Epic movie shows how the Revolution assassinated ‘Heneral Luna’ | Lifestyle.INQ

OCTOBER 27, 2022

Heneral Luna FACEBOOK PHOTO

By focusing on arguably the most rugged—and therefore the most dynamic—figure of the Philippine war against the American invaders, Jerrold Tarog’s “Heneral Luna” revives the historical action movie and in effect, revitalizes two dormant genres—the action film and more important, the historical film.

“El Vibora,” which is actually a film adaptation of the Tagalog “komiks” novel mythologizing the life and exploits of the Filipino general Artemio Ricarte, whom Luna succeeded as commanding general of the Philippine Army, was a hit in the early 1970’s, which, extending from the 1960’s, perhaps constituted the golden era of Philippine action movies.

“Heneral Luna” is hardly an all-out action movie like “El Vibora,” but its battle scenes are well-choreographed and engagingly photographed. The advances on film technology have been fully exploited by Tarog, an all-around filmmaker, in the service of the historical action movie.

His technical facility and viewer-friendly approach (Tarog’s romance movie, “Sana Dati,” won the Cinemalaya Directors Showcase for best picture and best director in 2013 over more “serious” movies by very senior directors) have enabled him to revive the fortunes as well of the historical movie.

Financed by a group led by businessman Fernando Ortigas, “Heneral Luna” is superbly made; the camera works are among the most impressive of late in a Philippine movie. The production design and art direction are topnotch.

The opening scene has Luna boasting that his master painter brother, Juan who else, had helped him design the uniform of the nascent Philippine Army; and the movie later makes references to Juan Luna’s “Le Parisienne,” in telling the life of the Filipino expatriates  and Propaganda Movement in Europe, and of course, in a very stark fashion toward the end, to “Spoliarium,” in which the assassinated bodies of the general and his aide, were herded like the vanquished gladiators in the famous mural that now graces the National Museum. And of course, the all-star cast is first-rate, with John Arcilla in the career-defining role of “El Heneral.”

It helps that the subject matter is an “action man” in the most literal sense of the term. Movies on Filipino patriots have been either frozen in time—fossilized and even desiccated –because of their subject matter’s “contemplative” character (the intellectual Rizal) or their cliché heroics-cum-hysterics (Bonifacio and his monument-al Cry of Pugad Lawin). But with Antonio Luna, Filipino audiences get both an intellectual (Luna was a scientist and poet) and a man of action (he was a marksman and fencer and studied military tactics in Europe).

Moreover, Luna was a far cry from the tale of Philippine heroics: he won battles against the vastly superior Americans and was not a loser, unlike Bonifacio and Aguinaldo and perhaps much of the Philippine pantheon of heroes.

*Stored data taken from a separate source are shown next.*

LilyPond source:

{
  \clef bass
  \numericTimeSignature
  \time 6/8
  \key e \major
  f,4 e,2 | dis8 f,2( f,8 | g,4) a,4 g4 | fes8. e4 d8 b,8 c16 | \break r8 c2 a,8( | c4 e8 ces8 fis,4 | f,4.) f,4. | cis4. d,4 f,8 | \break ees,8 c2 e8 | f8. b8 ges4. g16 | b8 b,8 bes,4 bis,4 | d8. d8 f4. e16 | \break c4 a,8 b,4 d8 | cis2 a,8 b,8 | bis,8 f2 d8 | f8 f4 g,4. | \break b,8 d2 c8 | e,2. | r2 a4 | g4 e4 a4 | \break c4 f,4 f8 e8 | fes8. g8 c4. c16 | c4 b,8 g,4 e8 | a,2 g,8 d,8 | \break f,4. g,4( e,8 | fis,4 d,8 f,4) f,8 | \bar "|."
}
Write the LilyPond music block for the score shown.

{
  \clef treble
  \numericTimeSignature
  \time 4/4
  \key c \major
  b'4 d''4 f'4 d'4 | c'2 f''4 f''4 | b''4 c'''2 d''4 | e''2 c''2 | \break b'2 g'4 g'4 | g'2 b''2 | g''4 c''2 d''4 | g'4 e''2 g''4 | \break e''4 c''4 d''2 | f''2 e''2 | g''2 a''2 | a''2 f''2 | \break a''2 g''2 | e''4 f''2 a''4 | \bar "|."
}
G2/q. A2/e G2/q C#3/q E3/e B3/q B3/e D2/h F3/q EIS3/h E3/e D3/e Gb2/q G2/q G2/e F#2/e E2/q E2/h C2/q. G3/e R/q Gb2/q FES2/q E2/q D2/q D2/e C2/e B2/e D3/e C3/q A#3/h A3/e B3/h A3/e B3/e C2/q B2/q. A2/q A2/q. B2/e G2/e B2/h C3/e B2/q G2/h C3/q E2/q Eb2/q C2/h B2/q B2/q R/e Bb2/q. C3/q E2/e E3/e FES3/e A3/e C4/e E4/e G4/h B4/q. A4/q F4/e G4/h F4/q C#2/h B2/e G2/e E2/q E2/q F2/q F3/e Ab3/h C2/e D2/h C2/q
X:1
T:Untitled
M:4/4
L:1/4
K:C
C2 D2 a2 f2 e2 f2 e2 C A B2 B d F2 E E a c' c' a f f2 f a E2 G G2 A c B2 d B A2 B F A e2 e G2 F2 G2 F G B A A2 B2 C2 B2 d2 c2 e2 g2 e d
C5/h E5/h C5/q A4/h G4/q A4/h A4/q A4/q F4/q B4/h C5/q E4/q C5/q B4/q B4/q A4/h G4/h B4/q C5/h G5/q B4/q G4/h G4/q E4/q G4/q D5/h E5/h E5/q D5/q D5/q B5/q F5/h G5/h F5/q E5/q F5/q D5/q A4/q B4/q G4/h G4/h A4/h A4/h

Of course, “Heneral Luna” is an action movie with significant content, even a distressing and depressing content. Weaving both fact and fiction, the screenplay (by E.A. Rocha and Henry Francia with Tarrog) plumbs one of Philippine history’s greatest mysteries: the assassination of Luna. The result is a compelling tale of political intrigue and even conspiracy.

A tragic hero in the most literal sense of the term because of his brilliance, hubris and tragic flaw (his arrogance and inflexibility), Antonio Luna appears the hapless victim of the shallow personality orientation of much of Philippine politics and government. Perhaps even worse, he’s the victim of the damaged culture of the Filipinos—their lack of discipline, their incapacity to rise beyond filial, feudal, regional, parochial interests, their emotionalism and extreme sensitivity that make them harbor deadly grudges for the pettiest criticism or slightest slight, and the historic unprofessionalism and opportunism of their military and police officer corps.

Above all, Luna was the victim of the ultra-nationalism that has bedevilled our study of Philippine history and made us apes and parrots of the Anglo-American yarn of “la leyenda negra.” Luna was a reformist who did not believe in the Philippine revolution or at least like Rizal, believed the Filipinos were not yet prepared for independence from Spain, and like Rizal much later, sided with Spain in the war with North America, and eventually with the Filipino revolutionaries in the defense against the invasion. It has been repeated no end that Luna’s is again one tired proof that the revolution devours its own children. This is not true. The revolution did not devour Luna: El Heneral was assassinated by the revolution.